Why is it impossible to sign a .exe that is included in an msix?

I have a solution that has two projects. One projects makes a wpf exe. I call signtool in the post build step and it signs the .exe no problem. The other wapproj project publishes this into an msix and signs the msix bundle no problem. The .exe inside the .msix however is never signed. Why? The msix refuses to use the build output from the dependent project. I get the signing the bundle package prevents alteration on distribution, but this does nothing for protection after installation. No matter what I do I can't sign the contents inside the msix. Is this pointless? Why does Visual Studio only support signing the distribution package and not the contents inside the msix?

4 Replies

  • ayla74108's avatar
    ayla74108
    Copper Contributor

    It sounds like what you’re running into is a common scenario with MSIX packaging. MSIX is designed to guarantee integrity at the package level, not necessarily at the individual file level inside the package. When you sign the MSIX bundle, it effectively ensures that none of the contents (including your .exe) are tampered with after distribution.

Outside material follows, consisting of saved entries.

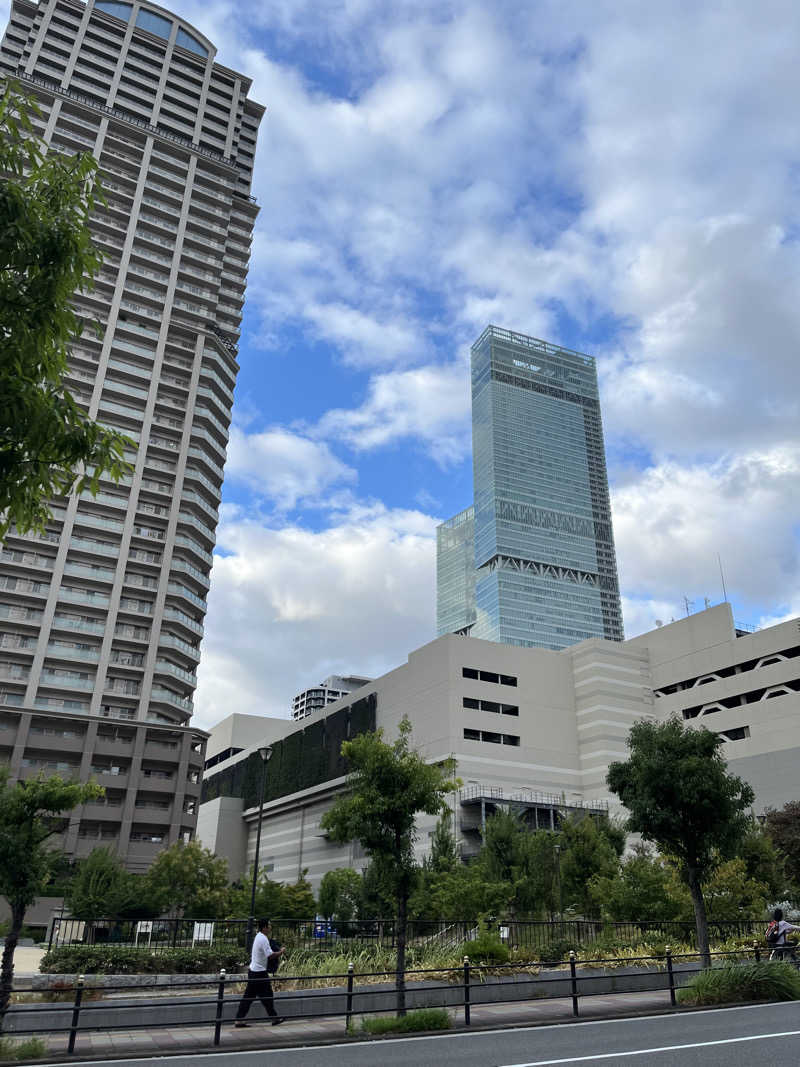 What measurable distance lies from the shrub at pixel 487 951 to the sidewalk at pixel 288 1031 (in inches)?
165

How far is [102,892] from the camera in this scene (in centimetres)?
4319

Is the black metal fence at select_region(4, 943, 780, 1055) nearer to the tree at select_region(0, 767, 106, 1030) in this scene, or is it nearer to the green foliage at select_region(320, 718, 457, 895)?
the green foliage at select_region(320, 718, 457, 895)

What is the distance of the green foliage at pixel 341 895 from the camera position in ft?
151

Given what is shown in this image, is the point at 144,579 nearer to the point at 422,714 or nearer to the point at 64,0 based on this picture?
the point at 422,714

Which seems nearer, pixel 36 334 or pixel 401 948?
pixel 36 334

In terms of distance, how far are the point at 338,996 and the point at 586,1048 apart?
507cm

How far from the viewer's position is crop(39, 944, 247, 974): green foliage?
21250 millimetres

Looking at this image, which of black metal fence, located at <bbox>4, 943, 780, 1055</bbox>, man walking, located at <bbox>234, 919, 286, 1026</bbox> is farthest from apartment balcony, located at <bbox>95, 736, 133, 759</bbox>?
man walking, located at <bbox>234, 919, 286, 1026</bbox>

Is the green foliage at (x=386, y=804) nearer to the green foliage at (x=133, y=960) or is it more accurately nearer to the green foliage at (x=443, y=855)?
the green foliage at (x=133, y=960)

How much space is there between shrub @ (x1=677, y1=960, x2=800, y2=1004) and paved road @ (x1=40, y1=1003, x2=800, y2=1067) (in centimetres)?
127

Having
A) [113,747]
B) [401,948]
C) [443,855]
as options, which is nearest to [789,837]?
[443,855]

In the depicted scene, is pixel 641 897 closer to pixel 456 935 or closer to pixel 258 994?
pixel 456 935

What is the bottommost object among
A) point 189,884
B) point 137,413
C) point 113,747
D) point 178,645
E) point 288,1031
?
point 288,1031

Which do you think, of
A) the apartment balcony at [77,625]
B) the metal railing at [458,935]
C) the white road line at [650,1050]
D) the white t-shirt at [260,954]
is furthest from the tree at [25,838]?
the apartment balcony at [77,625] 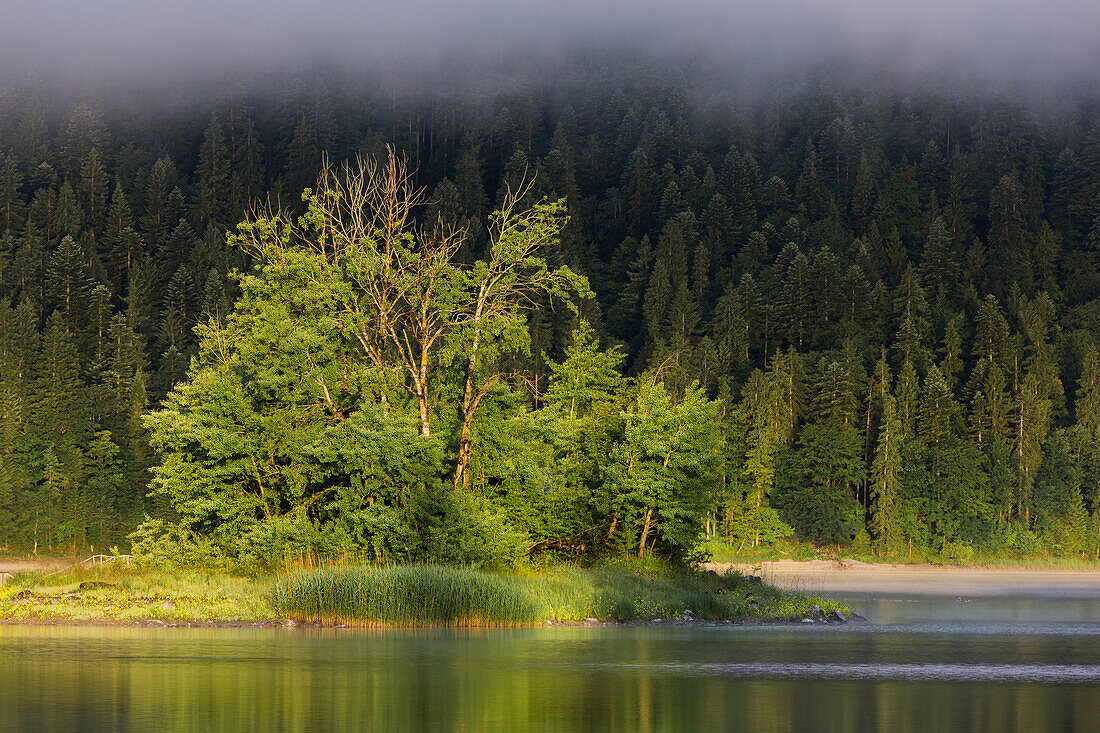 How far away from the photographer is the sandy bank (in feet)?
227

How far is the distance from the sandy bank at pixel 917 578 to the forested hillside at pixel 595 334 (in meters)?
3.98

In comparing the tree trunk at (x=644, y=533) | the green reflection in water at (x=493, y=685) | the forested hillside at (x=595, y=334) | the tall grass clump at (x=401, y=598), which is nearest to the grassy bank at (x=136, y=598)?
the tall grass clump at (x=401, y=598)

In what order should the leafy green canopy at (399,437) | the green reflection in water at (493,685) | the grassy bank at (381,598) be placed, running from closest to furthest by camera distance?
the green reflection in water at (493,685)
the grassy bank at (381,598)
the leafy green canopy at (399,437)

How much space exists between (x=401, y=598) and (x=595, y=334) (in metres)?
80.1

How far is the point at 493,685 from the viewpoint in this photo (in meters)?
22.2

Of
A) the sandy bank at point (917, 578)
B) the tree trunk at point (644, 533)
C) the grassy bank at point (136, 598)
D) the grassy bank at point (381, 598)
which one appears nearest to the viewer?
the grassy bank at point (381, 598)

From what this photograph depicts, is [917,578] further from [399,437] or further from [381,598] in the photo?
[381,598]

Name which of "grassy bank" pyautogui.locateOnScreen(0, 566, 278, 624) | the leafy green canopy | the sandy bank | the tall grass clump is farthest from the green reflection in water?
the sandy bank

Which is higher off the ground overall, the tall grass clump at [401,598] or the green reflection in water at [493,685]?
the green reflection in water at [493,685]

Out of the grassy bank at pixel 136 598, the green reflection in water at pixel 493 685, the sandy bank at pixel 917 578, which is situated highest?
the green reflection in water at pixel 493 685

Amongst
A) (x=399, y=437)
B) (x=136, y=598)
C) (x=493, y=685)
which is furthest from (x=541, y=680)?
(x=399, y=437)

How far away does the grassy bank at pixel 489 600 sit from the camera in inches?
1348

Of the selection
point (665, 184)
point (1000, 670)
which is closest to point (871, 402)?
point (665, 184)

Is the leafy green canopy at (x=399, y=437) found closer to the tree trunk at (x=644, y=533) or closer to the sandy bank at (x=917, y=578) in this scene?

    Because of this, Visual Studio and the MSIX tooling generally don’t provide a built-in way to sign individual files inside the package—the signature on the MSIX bundle itself covers all the included files. Trying to sign the internal .exe separately often gets ignored or overwritten during packaging.

    So it’s not really pointless; the package signature is meant to protect the contents after installation. If you need additional file-level signatures, you’d likely have to sign the .exe after installation, which is unusual and not typically necessary for standard MSIX deployment.

    In short: MSIX prioritizes package integrity over individual file signing, which is why Visual Studio behaves this way.

    • Gregory Goeppel's avatar
      Gregory Goeppel
      Brass Contributor

      Now I get why. I have since learned that after deployment the msix installed contents are read only. Since they cannot be altered or infected, there is no need to sign any contents. So just signing the package distribution is all that is necessary. 

  • Have you tried the built-in options from VS (2019 or 2022) to sign the assembly?
    https://learn.microsoft.com/en-us/visualstudio/ide/managing-assembly-and-manifest-signing?view=vs-2022#how-to-sign-an-assembly-in-visual-studio

     

    We sign the files from our packaging tool (Advanced Installer), so I haven't tried lately to sign them directly from VS. However, I see no reason why this shouldn't work.

     

    Disclaimer: I work on the team building Advanced Installer.

    • TIMOTHY_MANGAN's avatar
      TIMOTHY_MANGAN
      MVP

      Yes - it is wise to sign the executables that are inside the MSIX also.  This is needed for more security conscious customers using things like WDAG, AppLocker, and other software execution protection schemes. 

      Bogdan's approach is correct for projects that allow this.  For others that don't (or only allow authenticode signing), you would use a post build script to perform the exe signing.

       

      And then use the build project for MSIX and get the package signed also.